In fact, cross-pollination seems to be ‘favored’ by beans, since ‘foreign’ pollen moves faster in the race down the stigma towards the ovaries compared to the self-made pollen.
Technicalities aside, this is why flicking the flowers for the first 2 days after they open will encourage complete fertilization. Otherwise, give them a blast with the hose in the evening once the flowers have closed.
6. Wet soil
Over-watering can cause beans to drop their pods and their roots to rot. Over-watering can affect the growth of the foliage as the root system suffers from a lack of oxygen, which in turn disrupts its ability to take in nutrients from the soil. Poorly drained, wet soil also provides an ideal climate for fungus and bacteria to thrive.

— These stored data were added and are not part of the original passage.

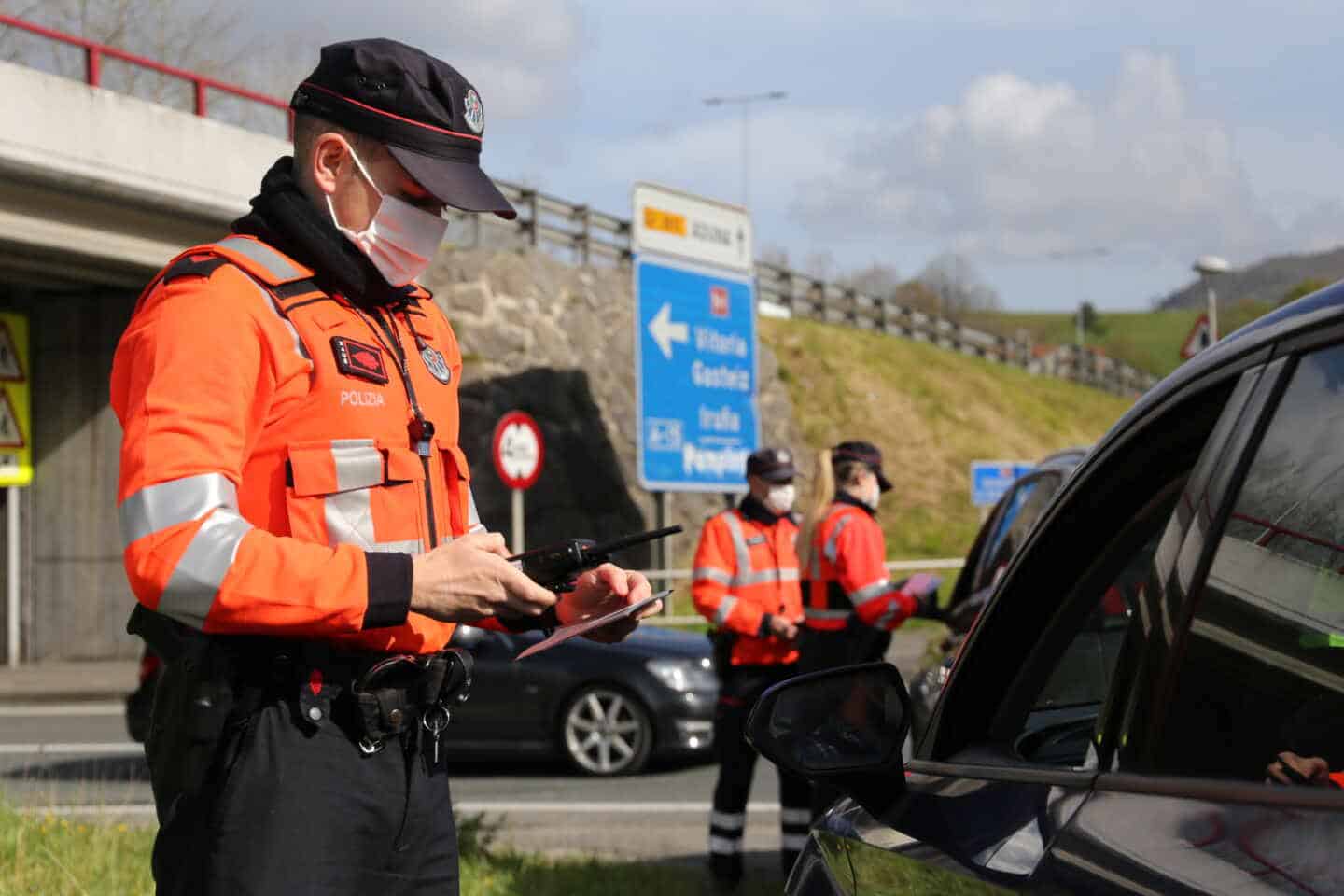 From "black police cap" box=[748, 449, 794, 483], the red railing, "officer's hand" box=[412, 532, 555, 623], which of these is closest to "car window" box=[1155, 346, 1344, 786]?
"officer's hand" box=[412, 532, 555, 623]

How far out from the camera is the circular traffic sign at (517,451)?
18391 millimetres

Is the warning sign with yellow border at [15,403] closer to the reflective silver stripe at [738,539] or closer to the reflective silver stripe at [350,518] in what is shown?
the reflective silver stripe at [738,539]

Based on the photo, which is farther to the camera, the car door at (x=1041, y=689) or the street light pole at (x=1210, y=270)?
the street light pole at (x=1210, y=270)

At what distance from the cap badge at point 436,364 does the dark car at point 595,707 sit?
28.6ft

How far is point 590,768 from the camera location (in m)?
11.9

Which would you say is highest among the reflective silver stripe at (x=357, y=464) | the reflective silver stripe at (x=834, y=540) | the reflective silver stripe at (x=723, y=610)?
the reflective silver stripe at (x=357, y=464)

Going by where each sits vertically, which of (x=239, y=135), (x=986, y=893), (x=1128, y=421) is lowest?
(x=986, y=893)

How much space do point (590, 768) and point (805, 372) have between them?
948 inches

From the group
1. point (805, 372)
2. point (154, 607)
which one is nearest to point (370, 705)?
point (154, 607)

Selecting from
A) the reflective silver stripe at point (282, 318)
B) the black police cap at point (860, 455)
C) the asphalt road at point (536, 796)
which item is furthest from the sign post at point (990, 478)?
the reflective silver stripe at point (282, 318)

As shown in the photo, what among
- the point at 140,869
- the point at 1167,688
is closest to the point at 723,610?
the point at 140,869

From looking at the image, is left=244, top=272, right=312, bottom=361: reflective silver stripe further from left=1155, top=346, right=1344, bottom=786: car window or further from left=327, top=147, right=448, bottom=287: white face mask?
left=1155, top=346, right=1344, bottom=786: car window

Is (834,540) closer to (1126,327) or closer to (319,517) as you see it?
(319,517)

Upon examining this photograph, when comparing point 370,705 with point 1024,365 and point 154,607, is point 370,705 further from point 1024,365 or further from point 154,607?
point 1024,365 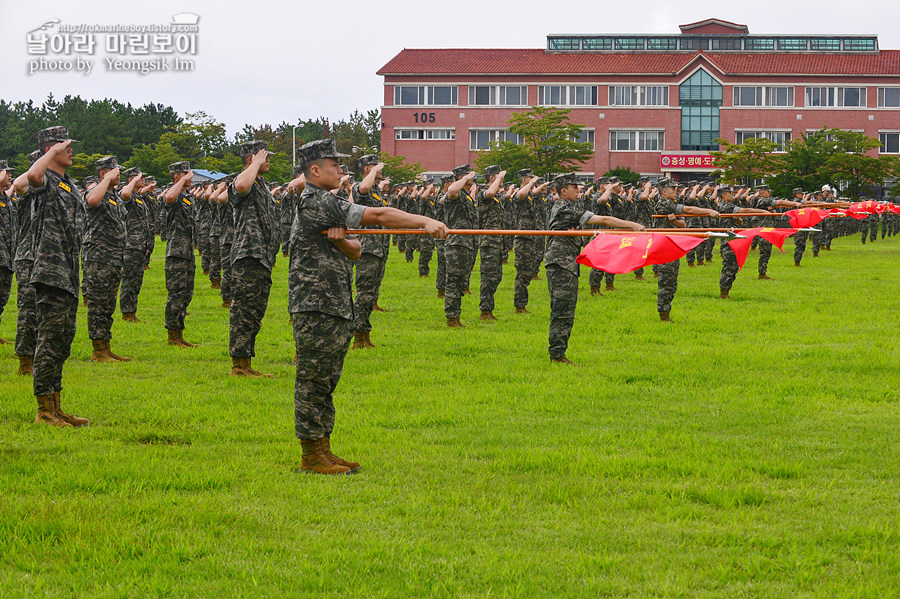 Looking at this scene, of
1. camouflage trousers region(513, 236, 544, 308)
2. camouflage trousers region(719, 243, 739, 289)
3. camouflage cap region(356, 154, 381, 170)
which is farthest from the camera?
camouflage trousers region(719, 243, 739, 289)

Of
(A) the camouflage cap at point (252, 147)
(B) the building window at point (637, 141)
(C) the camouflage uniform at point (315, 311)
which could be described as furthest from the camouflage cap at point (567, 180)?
(B) the building window at point (637, 141)

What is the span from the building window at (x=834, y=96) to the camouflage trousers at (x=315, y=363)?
74.3 meters

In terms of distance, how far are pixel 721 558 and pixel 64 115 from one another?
84.4m

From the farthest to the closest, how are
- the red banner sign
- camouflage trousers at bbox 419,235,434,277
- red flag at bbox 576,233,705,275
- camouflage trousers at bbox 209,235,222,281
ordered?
the red banner sign → camouflage trousers at bbox 419,235,434,277 → camouflage trousers at bbox 209,235,222,281 → red flag at bbox 576,233,705,275

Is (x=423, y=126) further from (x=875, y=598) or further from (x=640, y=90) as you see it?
(x=875, y=598)

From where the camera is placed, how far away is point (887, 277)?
79.1ft

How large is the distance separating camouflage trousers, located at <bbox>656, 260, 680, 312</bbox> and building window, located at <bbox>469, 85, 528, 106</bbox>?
61421mm

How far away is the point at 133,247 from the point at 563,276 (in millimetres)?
6861

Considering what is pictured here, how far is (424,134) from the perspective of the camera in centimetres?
7744

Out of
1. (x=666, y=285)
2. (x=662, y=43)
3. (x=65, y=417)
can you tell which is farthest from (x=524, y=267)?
(x=662, y=43)

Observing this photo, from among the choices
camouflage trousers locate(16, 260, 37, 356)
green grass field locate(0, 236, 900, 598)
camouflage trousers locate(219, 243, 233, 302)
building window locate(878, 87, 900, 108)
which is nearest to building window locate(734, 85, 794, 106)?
building window locate(878, 87, 900, 108)

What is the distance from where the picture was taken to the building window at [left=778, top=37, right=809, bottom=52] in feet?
255

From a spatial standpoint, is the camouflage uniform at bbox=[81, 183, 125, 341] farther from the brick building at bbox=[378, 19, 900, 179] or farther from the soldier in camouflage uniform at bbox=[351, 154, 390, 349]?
the brick building at bbox=[378, 19, 900, 179]

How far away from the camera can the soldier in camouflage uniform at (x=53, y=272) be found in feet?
26.7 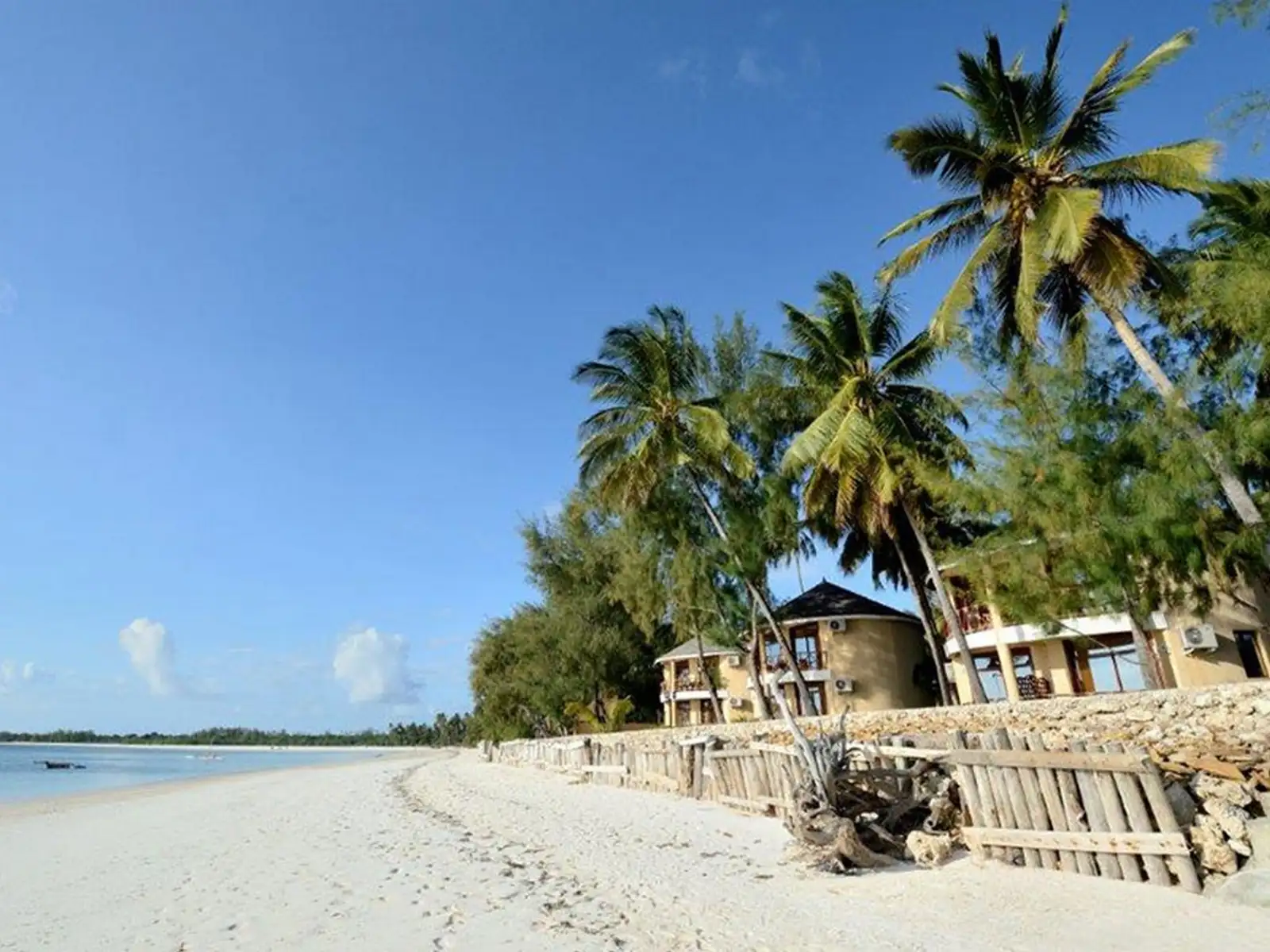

You can improve your soil drainage by switching to raised beds, adding in organic matter which holds just the right amount of moisture, and mixing sand into your soil.
7. Dry soil
A small amount of wilting on the occasional hot afternoon is to be expected in hotter climates, but if a plant has wilted in the morning, this is a sign that the soil is too dry and needs a good drink. This essentially shuts the plant down. And while I have found that most beans will bounce back after a small amount of wilting once thoroughly watered, the severely wilted plants will always struggle to produce well.
Adding mulch or old compost will help to retain moisture through hot summers and slightly increase the humidity immediately around the plant.
8. Nutrient imbalance
Avoid fertilizing beans with nitrogen since, as legumes, they fix their own atmospheric nitrogen into the nodes in their root system and an excess in the soil will increase foliage growth but won’t trigger flowering or fruit production.
Instead, add small amounts of potassium during the flowering and fruiting stage to promote the production of pods and increase disease resistance. Wood ash from a fire contains practically no nitrogen, but still has approximately 5% phosphorus and 3 – 7 % potassium, making it an easy, natural fertilizer for beans and legumes in general.
9. Soil type
In general, beans aren’t very fussy when it comes to soil type as long as it is free draining. Like most vegetables, soil with a high organic matter content is always better, but be sure that it is well decomposed so that the soil doesn’t contain too much nitrogen.
10. Soil pH
While beans prefer slightly acidic soil (6 – 6.5 pH) they can tolerate a range from 5.8 – 6.8 pH. Growing them outside of this pH range will result in the plant not being able to take up certain nutrients, particularly micronutrients, and will result in discolored foliage and very few flowers.
Beans have the usual pests and diseases that can either limit or completely stop their production, including rust, powdery mildew, bacterial blight, and viral diseases such as bean mosaic. Appropriate watering regimes, well-drained soil, adequate airflow and aphid control can help to manage these issues to keep your plants producing.
Final tips for growing beans
When plants have finished for the year, instead of pulling the entire plant out of the ground, cut the vegetation away and leave the roots in the ground. This way, approximately two-thirds of the nitrogen that the bean fixed into its root system will be available for your next crop (rotating crops of course!)
Choosing a variety that is regionally adapted is the easiest way to ensure the greatest success rate for producing and harvesting your own beans. If you live in a cold climate and plan on experimenting with tropical beans, then germinate the seeds early indoors and be prepared to protect them from the cold.